◆ TASK INSTRUCTIONS
What should be copied is the stretch of entries below from the line with "CARAMEL HAND BAG" up to and including the line with "Festa Bandereta als anys 20. Foto: Creu Roja", exactly and without images.

◆ SOURCE MATERIAL
────────────────────

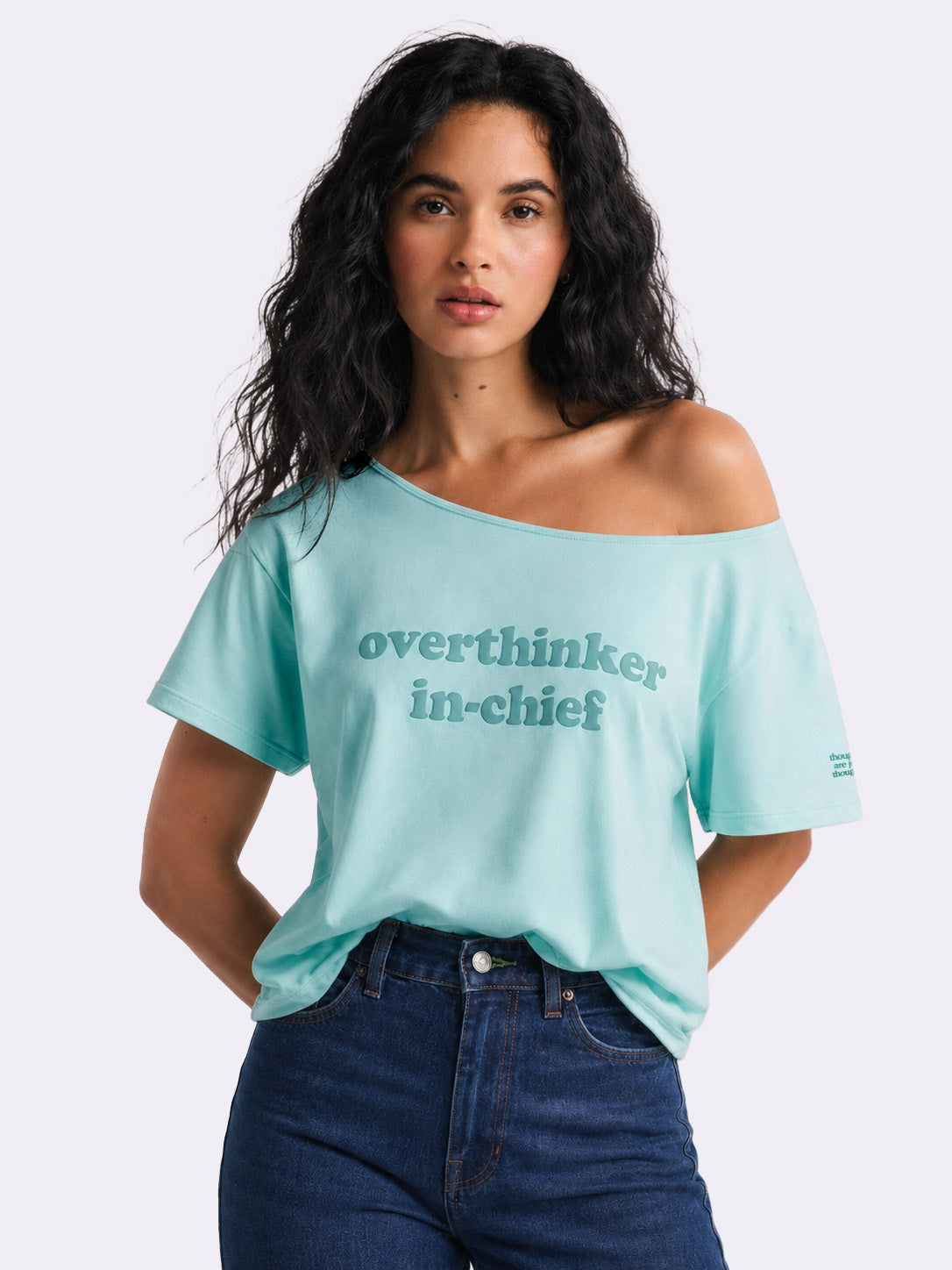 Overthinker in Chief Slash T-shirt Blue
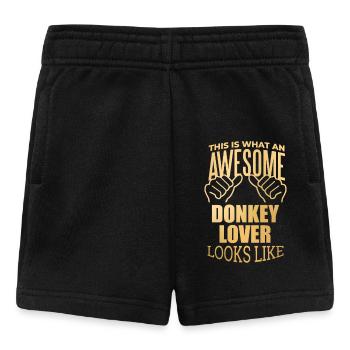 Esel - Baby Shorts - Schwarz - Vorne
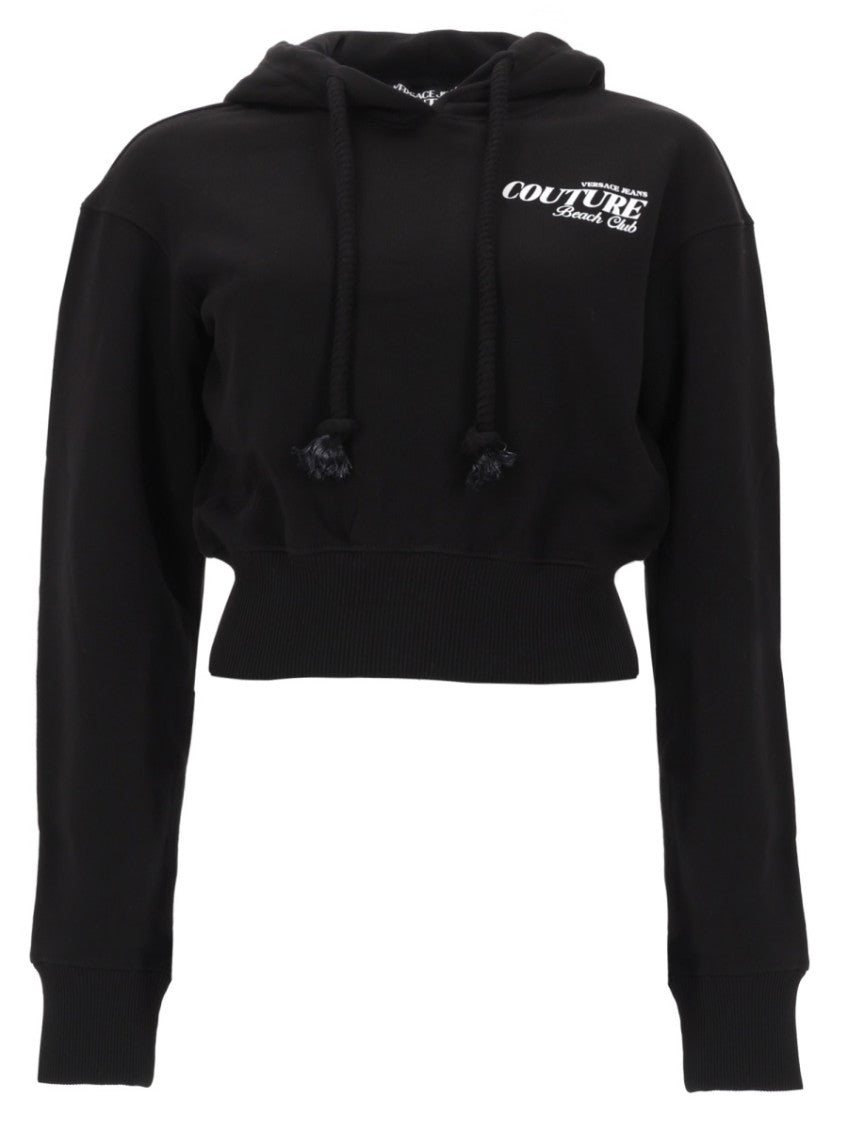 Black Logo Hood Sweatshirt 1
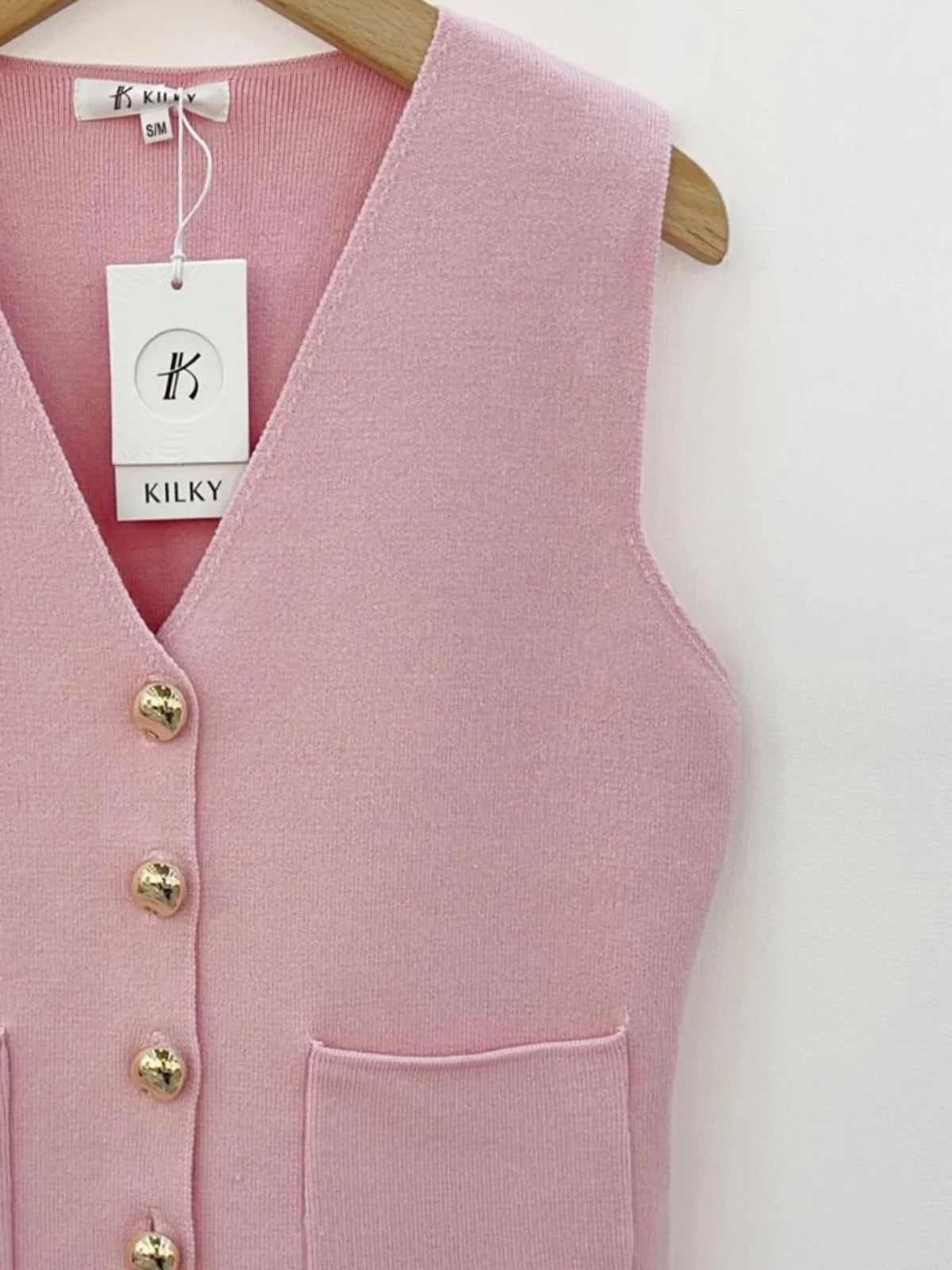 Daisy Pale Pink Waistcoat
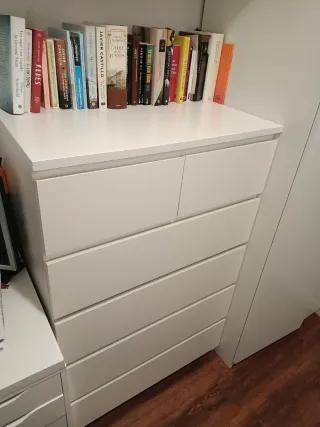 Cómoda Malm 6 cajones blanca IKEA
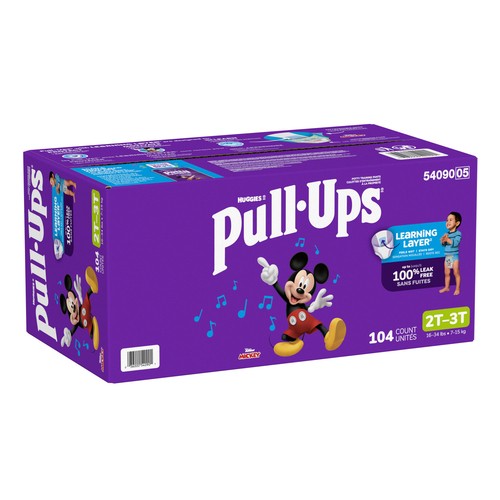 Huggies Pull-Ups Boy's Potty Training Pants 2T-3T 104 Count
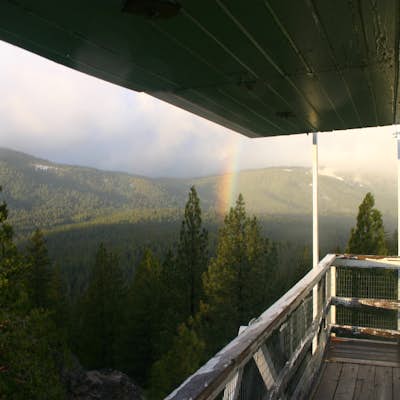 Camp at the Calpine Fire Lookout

────────────────────

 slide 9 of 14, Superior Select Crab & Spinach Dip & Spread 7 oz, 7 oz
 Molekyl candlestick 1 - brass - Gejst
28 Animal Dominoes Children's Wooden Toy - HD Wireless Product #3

────────────────────

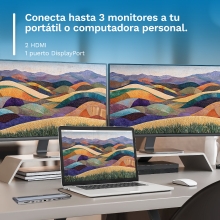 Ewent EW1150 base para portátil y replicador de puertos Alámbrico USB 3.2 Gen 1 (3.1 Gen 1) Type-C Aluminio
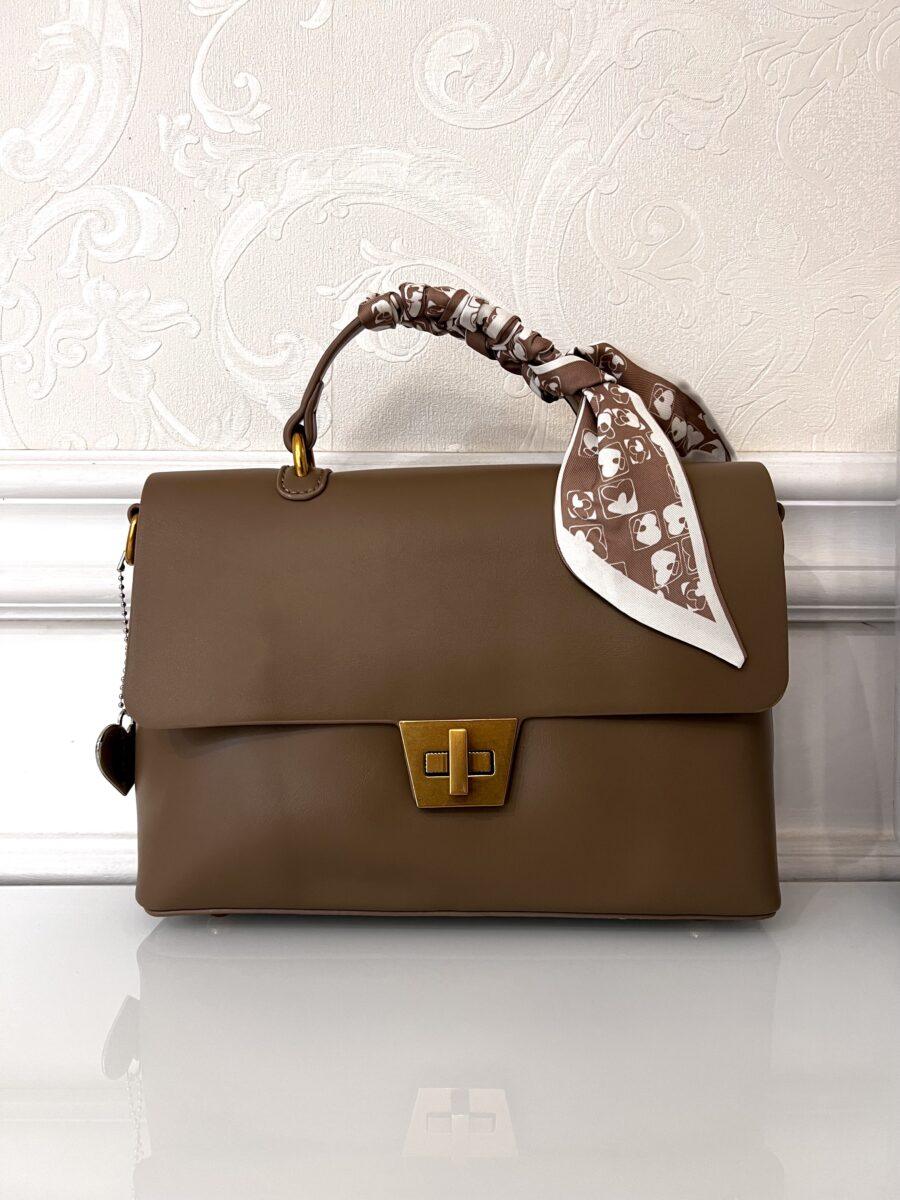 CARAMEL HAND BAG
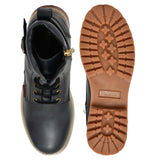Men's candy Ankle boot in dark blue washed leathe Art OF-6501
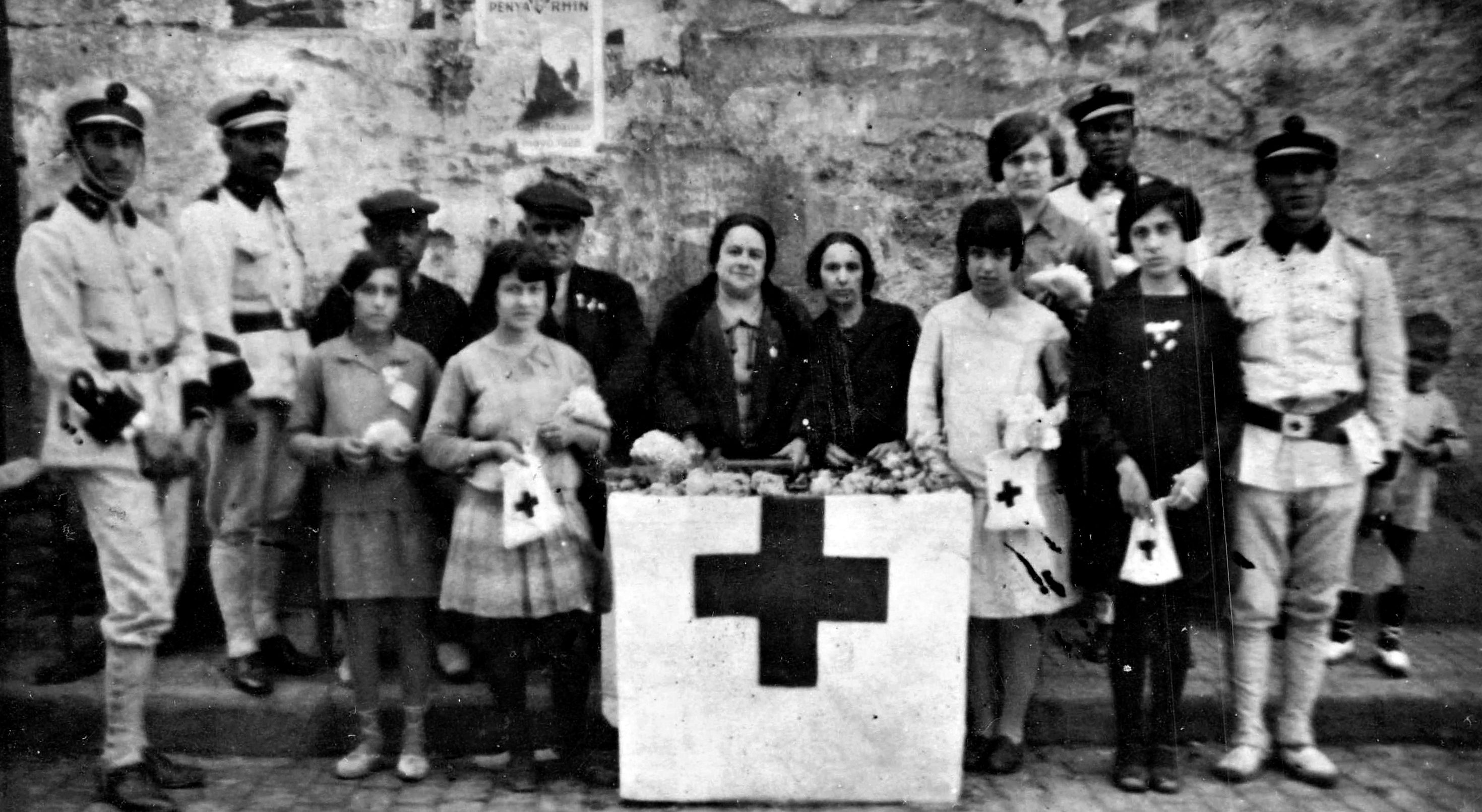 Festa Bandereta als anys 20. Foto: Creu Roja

────────────────────

◆ WRITTEN RESPONSE
 CARAMEL HAND BAG
Men's candy Ankle boot in dark blue washed leathe Art OF-6501
 Festa Bandereta als anys 20. Foto: Creu Roja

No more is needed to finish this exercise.